Last week was the 103rd Chelsea Flower Show - it was, of course, sublime in particular an amazing garden designed by Dan Pearson and based on the rockery at Chatsworth House in Derbyshire. It won best in show which was interesting for two reasons: firstly because it was not really a garden in the conventional perception of the word and secondly because is contained Rhododendrons.

Over the past century the show has changed a lot, there was a time, not that many years ago, when there were no modernist meadows at the Chelsea Flower Show. The drifts of herbaceous planting around cooly trickling stainless steel water features were not even a glimmer in the eye of the designer: in fact the concept of a garden designer was a pretty odd idea. Instead the show was dominated by conifers, rockeries and Rhododendrons. The great nurseries wheeled out new cultivars arranged around big lumps of rock: and very effective they were, in their way.
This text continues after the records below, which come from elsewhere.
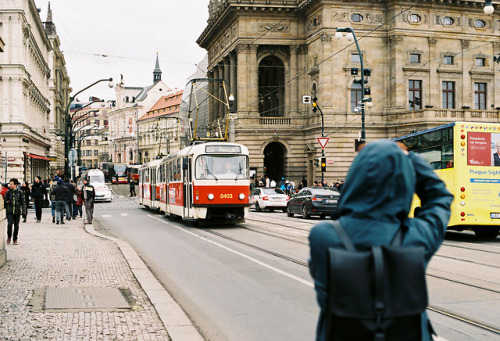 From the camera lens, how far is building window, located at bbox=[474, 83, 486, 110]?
190ft

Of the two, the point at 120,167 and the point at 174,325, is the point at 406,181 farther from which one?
the point at 120,167

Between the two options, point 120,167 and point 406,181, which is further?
point 120,167

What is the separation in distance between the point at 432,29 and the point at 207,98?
30.9m

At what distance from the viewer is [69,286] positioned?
31.6 ft

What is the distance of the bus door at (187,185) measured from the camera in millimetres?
22695

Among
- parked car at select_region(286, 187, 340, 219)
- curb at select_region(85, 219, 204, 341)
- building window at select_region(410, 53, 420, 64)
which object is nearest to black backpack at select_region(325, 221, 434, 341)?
curb at select_region(85, 219, 204, 341)

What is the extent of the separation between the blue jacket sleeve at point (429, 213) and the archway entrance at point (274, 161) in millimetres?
58966

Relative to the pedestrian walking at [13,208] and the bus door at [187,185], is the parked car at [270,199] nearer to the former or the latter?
the bus door at [187,185]

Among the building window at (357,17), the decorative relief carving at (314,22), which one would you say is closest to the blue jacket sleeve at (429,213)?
the building window at (357,17)

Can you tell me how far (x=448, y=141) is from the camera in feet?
59.1

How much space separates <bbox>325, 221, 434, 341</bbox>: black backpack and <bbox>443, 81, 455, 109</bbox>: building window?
57.1 metres

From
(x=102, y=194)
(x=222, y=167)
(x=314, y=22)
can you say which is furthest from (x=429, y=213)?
(x=314, y=22)

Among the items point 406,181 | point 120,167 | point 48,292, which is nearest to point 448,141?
point 48,292

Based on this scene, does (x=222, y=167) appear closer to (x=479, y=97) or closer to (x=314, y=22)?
(x=314, y=22) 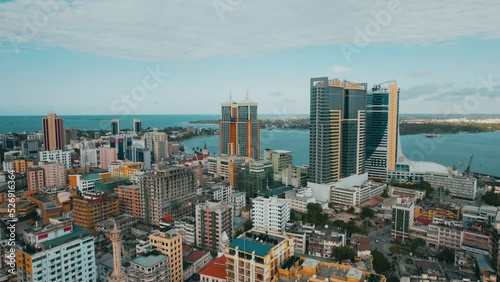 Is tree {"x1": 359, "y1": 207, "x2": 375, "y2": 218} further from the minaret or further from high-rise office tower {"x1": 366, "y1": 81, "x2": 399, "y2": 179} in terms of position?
the minaret

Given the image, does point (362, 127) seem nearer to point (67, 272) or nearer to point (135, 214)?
point (135, 214)

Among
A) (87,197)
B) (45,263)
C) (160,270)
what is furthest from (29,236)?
(87,197)

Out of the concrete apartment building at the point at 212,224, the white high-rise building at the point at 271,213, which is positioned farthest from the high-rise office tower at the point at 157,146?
the concrete apartment building at the point at 212,224

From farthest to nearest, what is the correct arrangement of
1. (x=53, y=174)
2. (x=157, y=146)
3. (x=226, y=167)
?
(x=157, y=146), (x=226, y=167), (x=53, y=174)

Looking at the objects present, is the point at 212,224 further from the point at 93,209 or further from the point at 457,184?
the point at 457,184

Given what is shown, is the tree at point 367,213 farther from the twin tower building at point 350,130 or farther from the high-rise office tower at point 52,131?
the high-rise office tower at point 52,131

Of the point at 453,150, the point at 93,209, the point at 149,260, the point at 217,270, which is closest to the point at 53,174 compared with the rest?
the point at 93,209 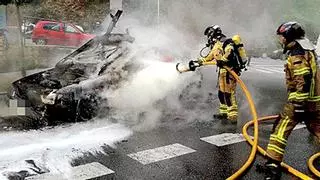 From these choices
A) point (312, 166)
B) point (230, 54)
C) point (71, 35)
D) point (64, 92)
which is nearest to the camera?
point (312, 166)

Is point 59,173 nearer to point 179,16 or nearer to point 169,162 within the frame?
point 169,162

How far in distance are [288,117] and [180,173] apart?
127 centimetres

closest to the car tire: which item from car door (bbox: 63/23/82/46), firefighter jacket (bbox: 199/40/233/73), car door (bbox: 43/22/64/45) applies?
car door (bbox: 43/22/64/45)

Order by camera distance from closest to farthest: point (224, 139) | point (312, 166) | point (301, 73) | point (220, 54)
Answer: point (301, 73) → point (312, 166) → point (224, 139) → point (220, 54)

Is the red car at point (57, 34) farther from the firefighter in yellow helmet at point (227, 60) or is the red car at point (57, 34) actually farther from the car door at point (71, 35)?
the firefighter in yellow helmet at point (227, 60)

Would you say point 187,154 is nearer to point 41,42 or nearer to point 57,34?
point 41,42

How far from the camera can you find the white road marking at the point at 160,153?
485cm

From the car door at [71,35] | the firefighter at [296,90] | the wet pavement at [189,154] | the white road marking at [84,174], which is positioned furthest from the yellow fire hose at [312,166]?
the car door at [71,35]

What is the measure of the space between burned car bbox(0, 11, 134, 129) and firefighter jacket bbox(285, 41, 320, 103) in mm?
3103

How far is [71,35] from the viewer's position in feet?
55.2

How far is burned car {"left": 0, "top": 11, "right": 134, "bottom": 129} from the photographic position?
613 centimetres

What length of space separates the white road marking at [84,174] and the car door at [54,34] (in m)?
13.3

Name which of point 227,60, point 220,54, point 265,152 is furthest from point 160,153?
point 220,54

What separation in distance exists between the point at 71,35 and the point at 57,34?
2.57 ft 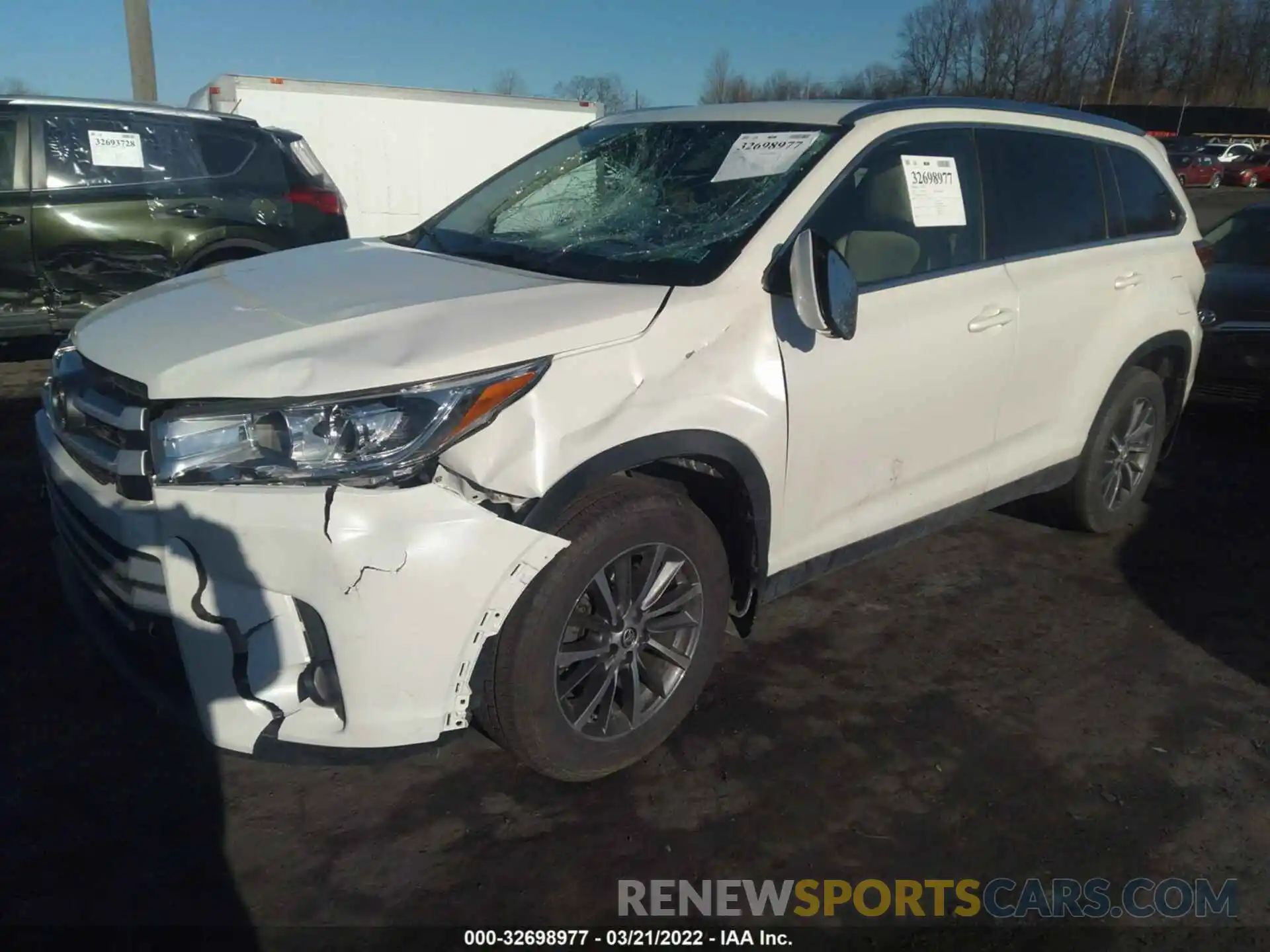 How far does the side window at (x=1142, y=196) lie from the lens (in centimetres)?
418

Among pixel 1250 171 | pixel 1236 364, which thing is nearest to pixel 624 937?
pixel 1236 364

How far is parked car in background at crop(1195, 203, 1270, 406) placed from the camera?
5.87 m

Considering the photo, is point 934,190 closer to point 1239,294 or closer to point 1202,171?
point 1239,294

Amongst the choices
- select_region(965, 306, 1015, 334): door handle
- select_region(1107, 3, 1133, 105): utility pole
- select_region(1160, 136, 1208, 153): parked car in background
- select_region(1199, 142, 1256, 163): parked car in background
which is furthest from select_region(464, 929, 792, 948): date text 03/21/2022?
select_region(1107, 3, 1133, 105): utility pole

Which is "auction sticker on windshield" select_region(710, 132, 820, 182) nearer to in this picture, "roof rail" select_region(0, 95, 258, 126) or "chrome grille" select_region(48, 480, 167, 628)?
"chrome grille" select_region(48, 480, 167, 628)

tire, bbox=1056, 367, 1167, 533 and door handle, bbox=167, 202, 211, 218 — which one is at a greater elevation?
door handle, bbox=167, 202, 211, 218

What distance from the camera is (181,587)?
2172 mm

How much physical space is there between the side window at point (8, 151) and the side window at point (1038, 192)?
6263 millimetres

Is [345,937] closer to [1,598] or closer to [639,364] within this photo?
[639,364]

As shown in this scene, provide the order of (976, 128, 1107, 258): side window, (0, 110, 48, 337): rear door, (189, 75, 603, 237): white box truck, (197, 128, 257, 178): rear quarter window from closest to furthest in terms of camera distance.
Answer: (976, 128, 1107, 258): side window, (0, 110, 48, 337): rear door, (197, 128, 257, 178): rear quarter window, (189, 75, 603, 237): white box truck

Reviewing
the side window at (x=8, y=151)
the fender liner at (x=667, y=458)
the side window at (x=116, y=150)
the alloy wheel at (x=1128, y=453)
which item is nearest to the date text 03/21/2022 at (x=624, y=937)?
the fender liner at (x=667, y=458)

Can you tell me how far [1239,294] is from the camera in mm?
6176

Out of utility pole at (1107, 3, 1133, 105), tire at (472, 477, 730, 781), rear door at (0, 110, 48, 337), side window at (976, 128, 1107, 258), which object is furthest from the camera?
utility pole at (1107, 3, 1133, 105)

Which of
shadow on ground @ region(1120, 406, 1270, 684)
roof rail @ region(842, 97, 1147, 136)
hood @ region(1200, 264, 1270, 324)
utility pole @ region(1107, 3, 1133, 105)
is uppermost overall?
utility pole @ region(1107, 3, 1133, 105)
The flowers were cheery and, as you can see if you watch old Pathe News Reels, perfectly matched the hats of the visiting Royals and other important people.

Then, sometime in the eighties the Rhododendron (and her cousin the Azalea) began to lose her appeal. Along with shoulder pads and the work of Pat Benatar their popularity waned. It was decreed that no longer did people want displays of short lived, often garish, colour in early summer followed by months of slightly dreary evergreen foliage. They discovered the delights of grasses and massed perennials and began to think of the nature as a friend rather than something that needed to be sprayed into cowed submission. It just shows that gardeners are by no means immune from the fickleness of fashion. The Rhododendron got a reputation as something of a relic and faded into the background of popular consciousness.

So what is the problem apart from a certain fustiness of image?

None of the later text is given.